Low interest rates driving the residential property boom – Andrew Golding

BizNews editor-at-large Jackie Cameron interviewed Pam Golding chief executive Andrew Golding during Thursday’s BizNews Power Hour, where the seasoned property expert was buoyant regarding South Africa’s residential property markets. Fifty year low interest rates have been the catalyst for the housing boom and although Golding says its tough to extrapolate forecasts for the long-term, demand should remain strong for the remainder of 2021. – Justin Rowe-Roberts 

Andrew Golding on South Africa’s residential property market:

To everyone’s surprise after lockdown, the residential market has been in an extremely good space more or less for the last twelve to fourteen months. In our most recent statistics, we have seen some real house price growth relative to inflation for the first time since 2016. The indicators are there in terms of surprising results given what everyone was predicting around the economy and the state of the economy and its effect on the housing market.

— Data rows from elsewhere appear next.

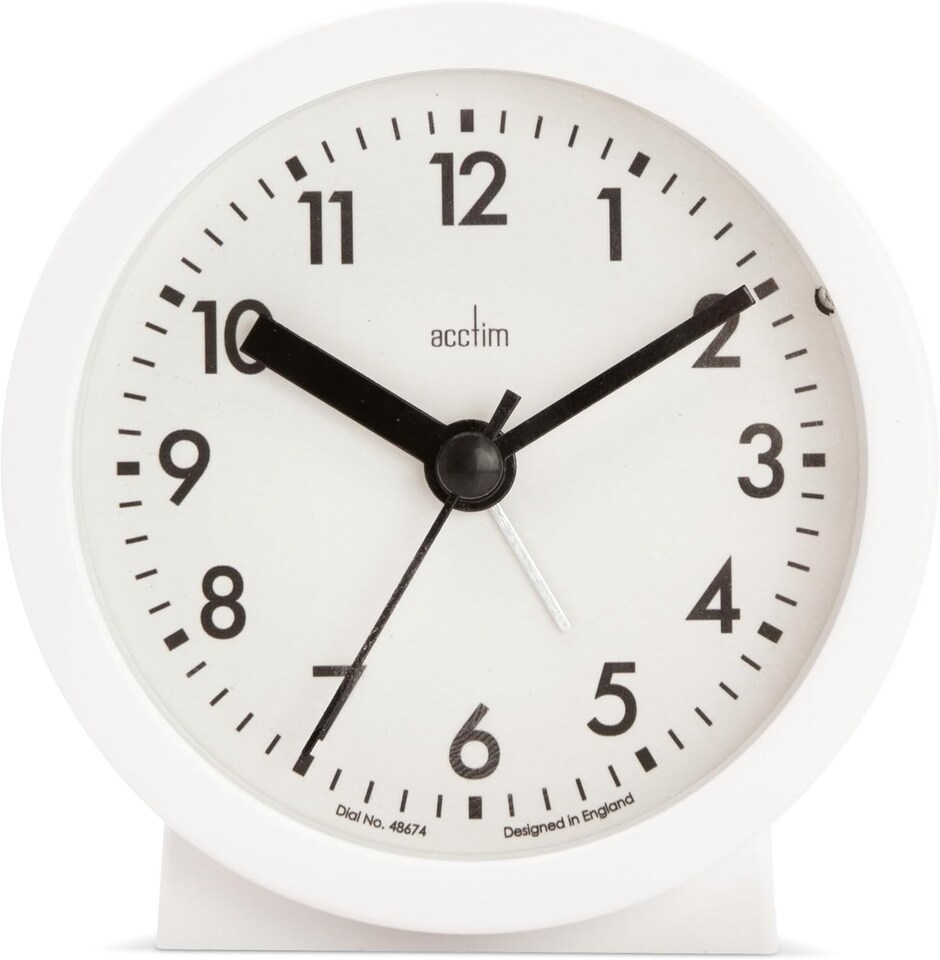 image 1 of Acctim Gaby Small Analogue Contemporary Bedside Alarm Clock | White | White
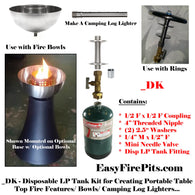 DK KIT Universal Adjustable Disposable Propane Tank Kit for DIY Fire Tables/ Bowls/ Torches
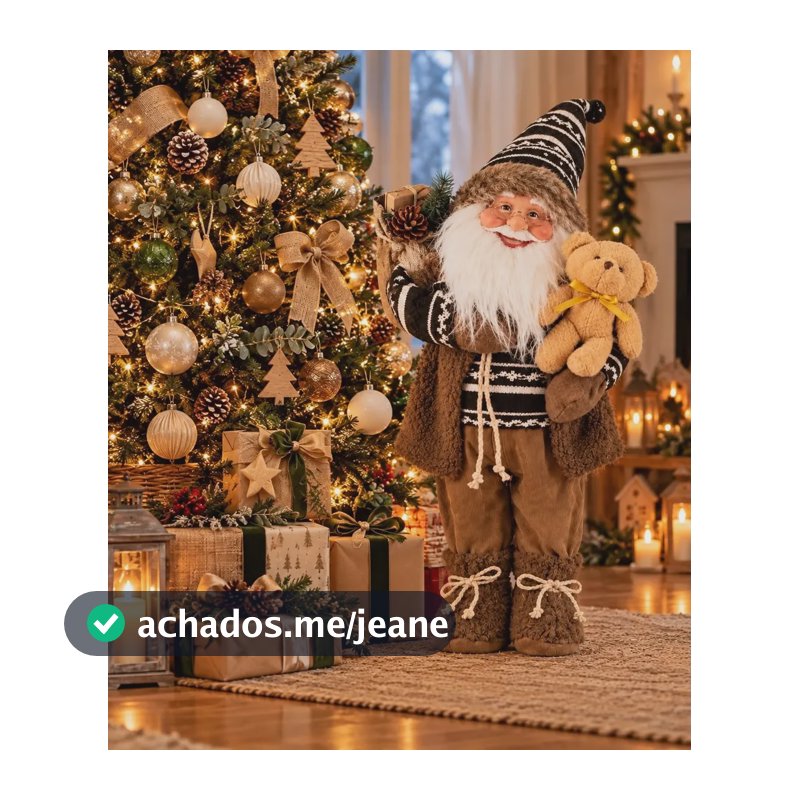 Papai Noel Gigante Enfeite Natal 65cm Decoração Natalina Marrom Urso Não É Eletrico
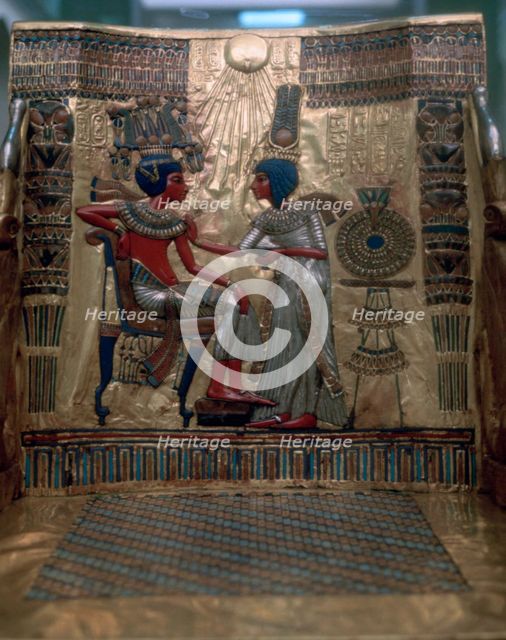 The throne of Tutankhamun, (detail), Egyptian, 18th Dynasty. Artist: Unknown
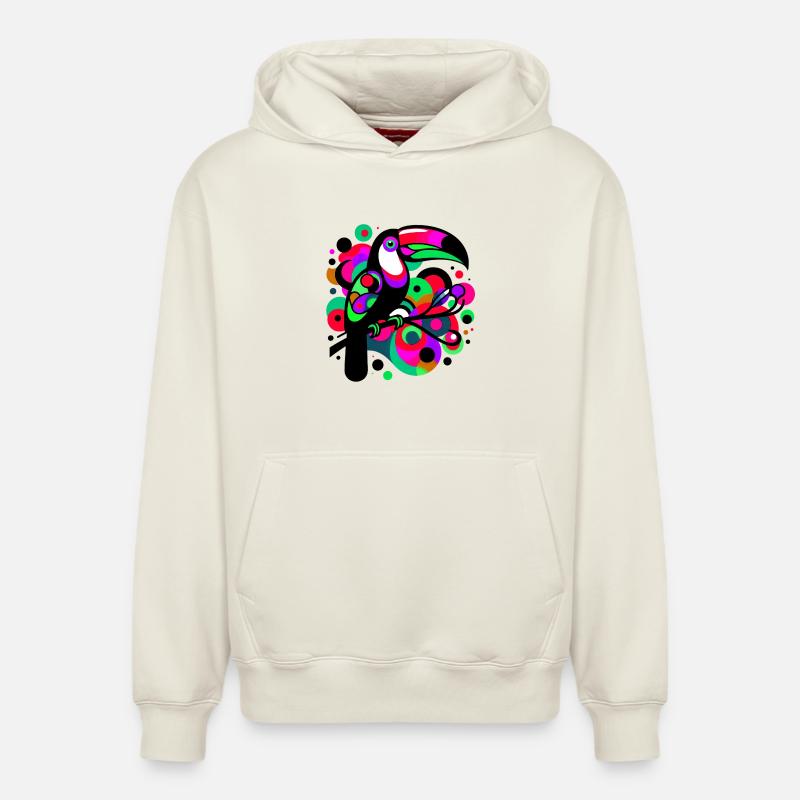 Toucan - Sweat à capuche unisexe décontracté en coton biologique – de SPREAD - blanc cassé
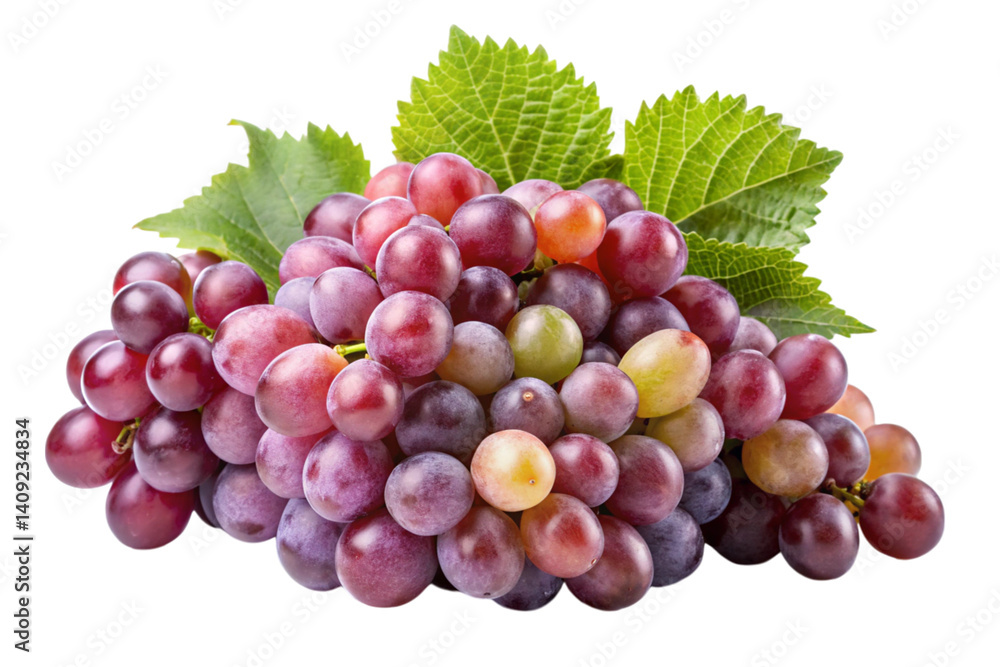 Fototapeta premium assorted grape bunches with leaves for food, nutrition, and beverage projects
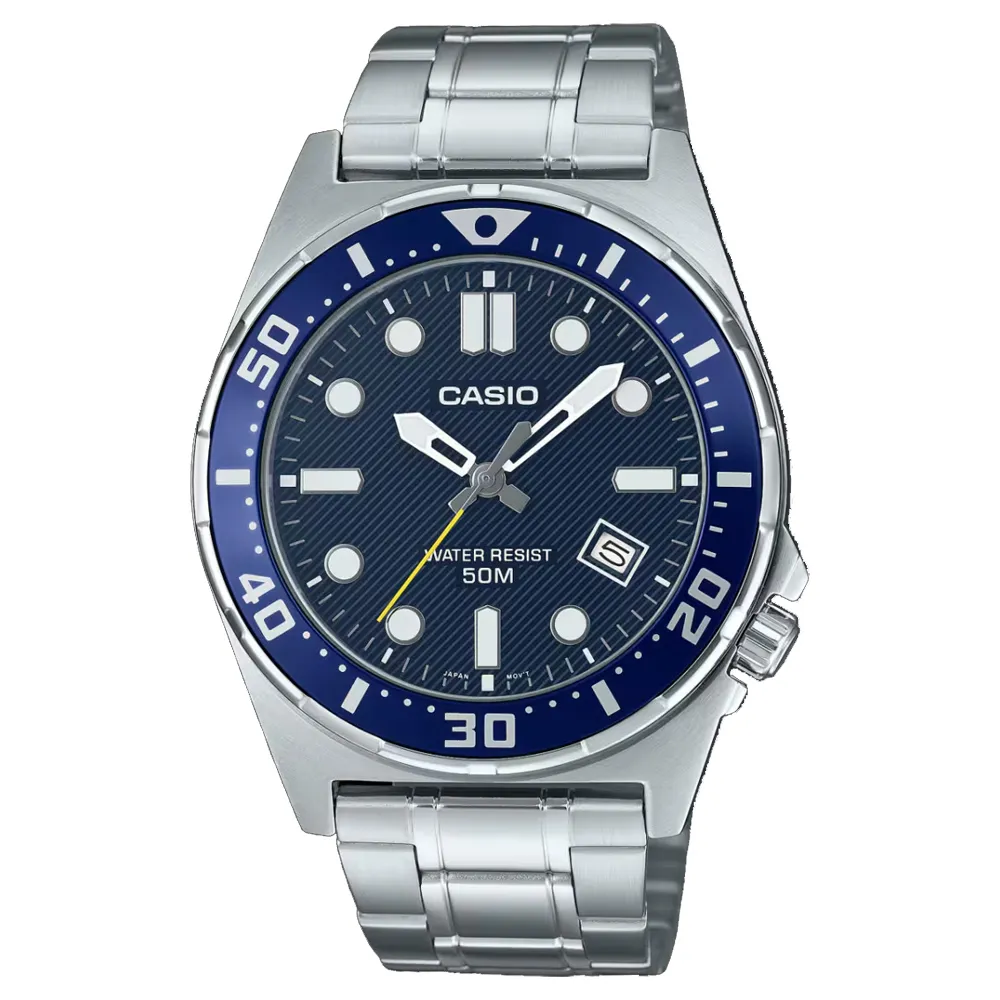 【CASIO 卡西歐】雙11 運動鋼帶指針錶(MTD-135D-2A)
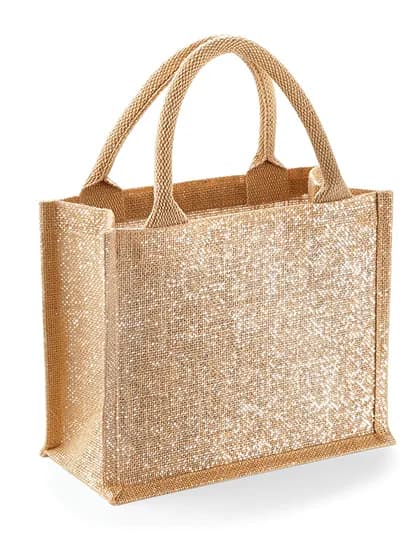 Shimmer Jute Mini Gift Bag - Natural Gold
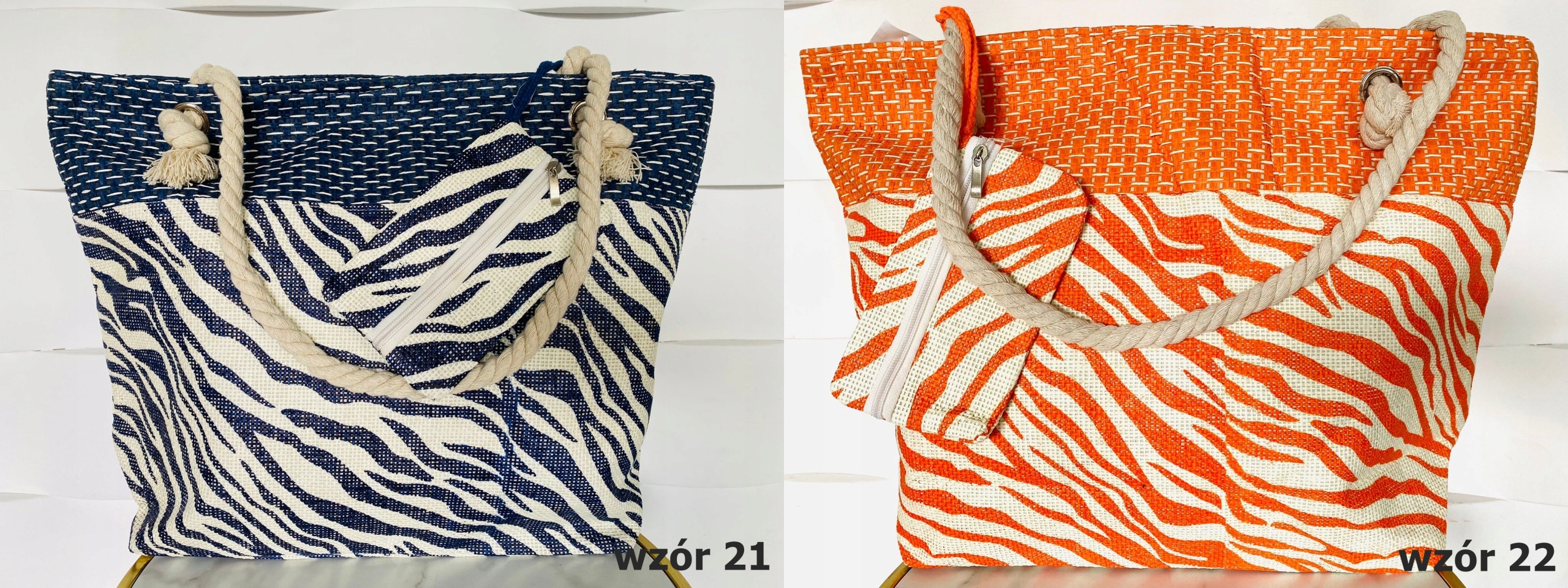 Torba Plażowa Pleciona Duża Różne Kolory Kolor niebieski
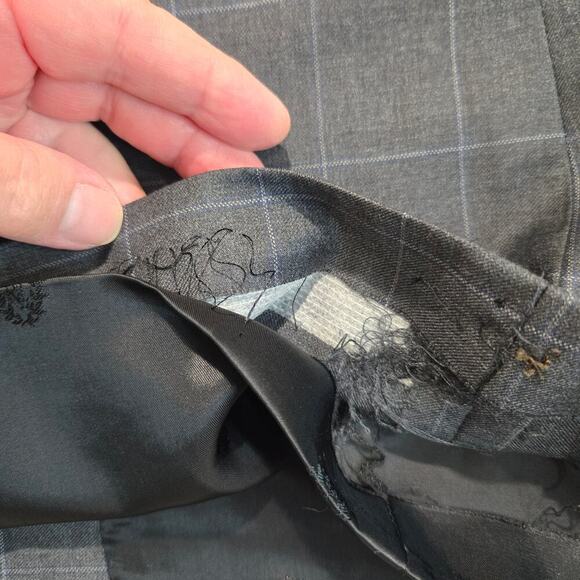 Lauren Ralph Lauren Wool Blazer Sports Coat Men's 44L Two Button Gray Plaid - Picture 8 of 15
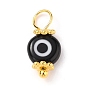 Handmade Evil Eye Lampwork Charms, with Brass Eye Pin and Tibetan Style Alloy Spacer Beads, Flat Round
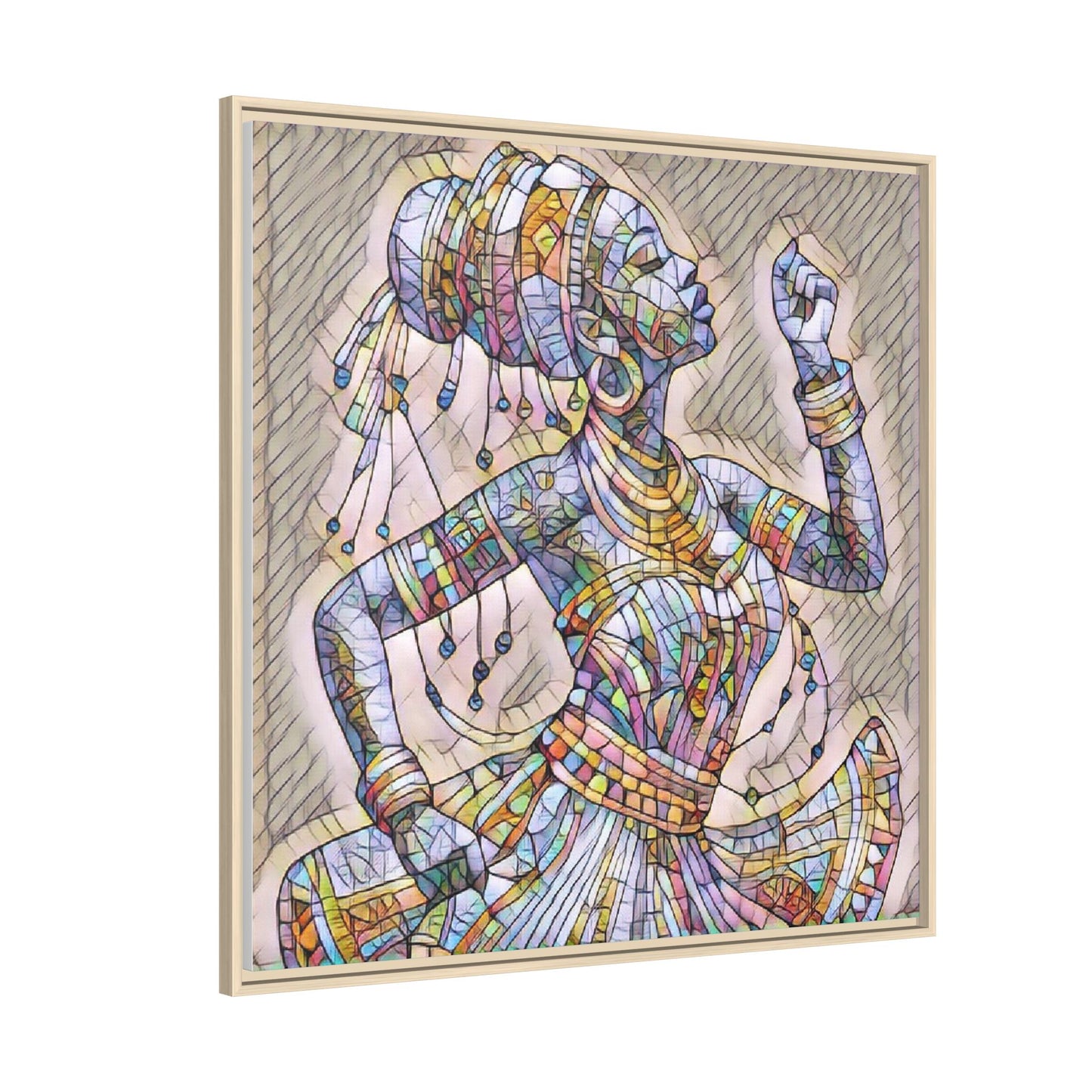 Framed Canvas Art — Colorful Mosaic Dancer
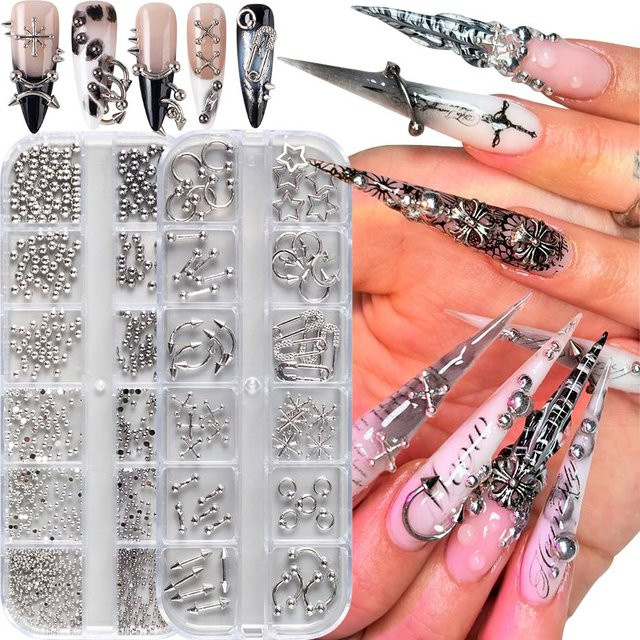 Full Beauty Nagel Charms Gitter Punk Silbrig, 12 Stück - Bild 1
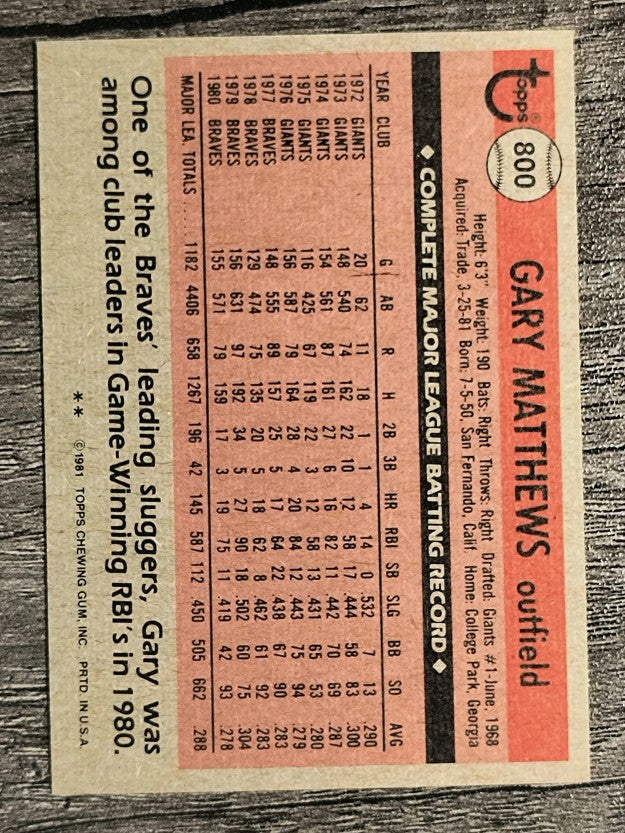1981 Topps Traded #800 Gary Matthews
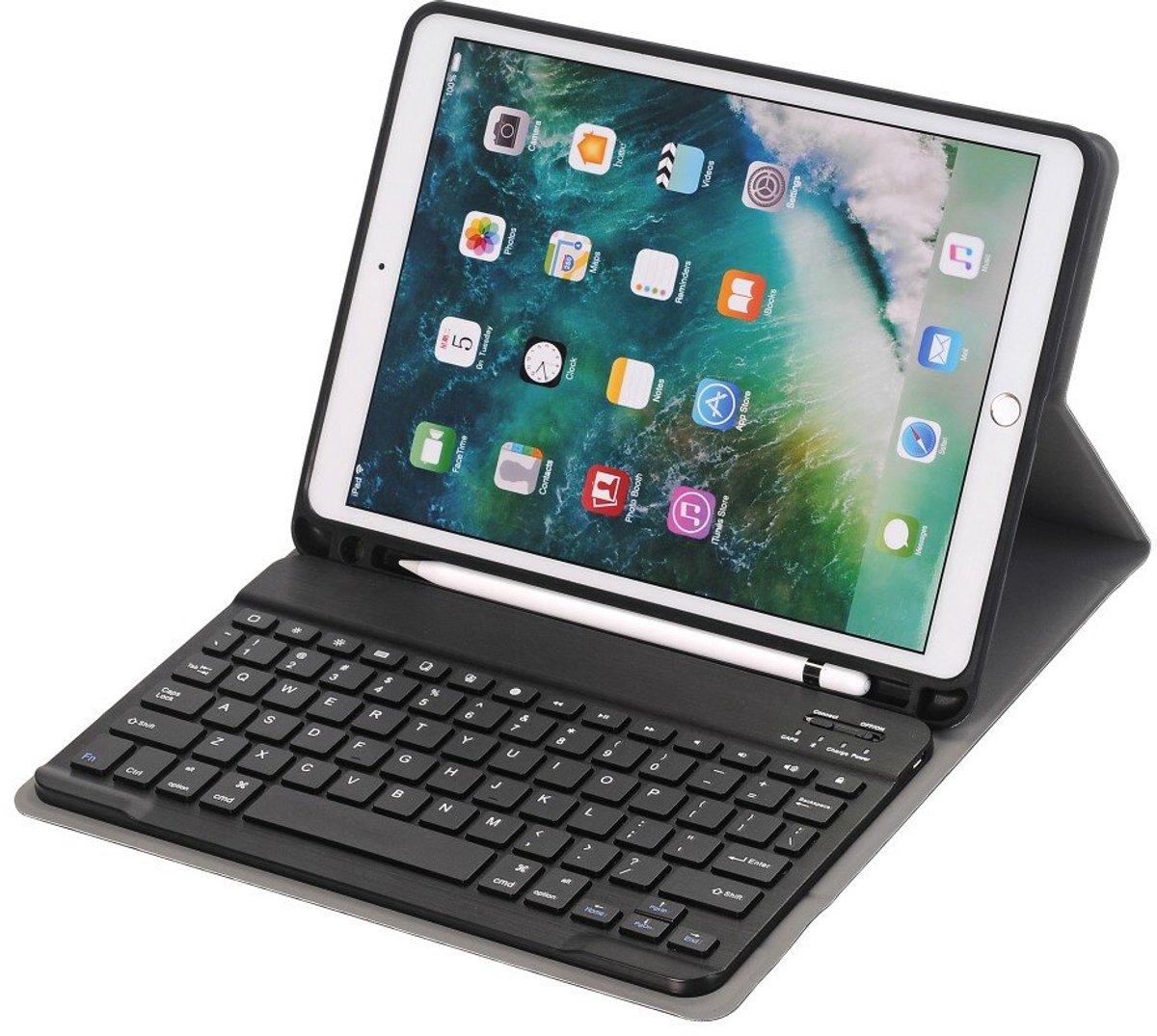 Toetsenbord Hoes geschikt voor Apple iPad 10.2 - 2019 / 2020 / 2021 - met Pencil Houder en Standaard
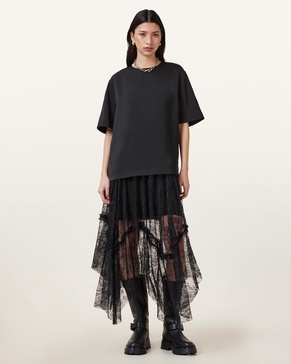 Jose Tiered Lace Midi Skirt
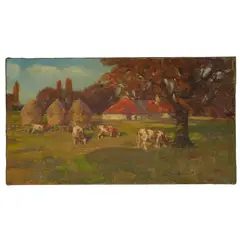John Reid Murray, STOOKS IN SUMMER, oil on canvas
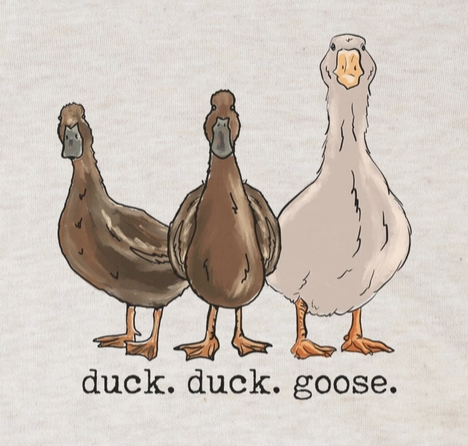 barefoot baby duck duck goose ls onesie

On the rental market in South Africa:

I think the rental market has generally been under pressure. I think that’s a combination of the fact that, as I alluded to earlier, first time home buyers and a number of people that would ordinarily rent are taking a view to buy. Tenants have the upper hand with landlords at the moment and in the Covid environment were certainly negotiating rental reductions. Even in the post lockdown environment, renters have been keenly aware that a landlord is generally better off renegotiating with an existing tenant rather than trying to find a new one.

On whether this is the bottom of the property market – and is this the right time to buy? 

I think it’s so difficult to say because we are in such unprecedented times in terms of Covid and its effects. We really don’t know how this is going to play itself out. We are generally having to take some really short term views and our best guess in terms of the balance of this year is that we are going to continue to find ourselves in a low interest rate environment which is going to be good for the continuation of the current market conditions.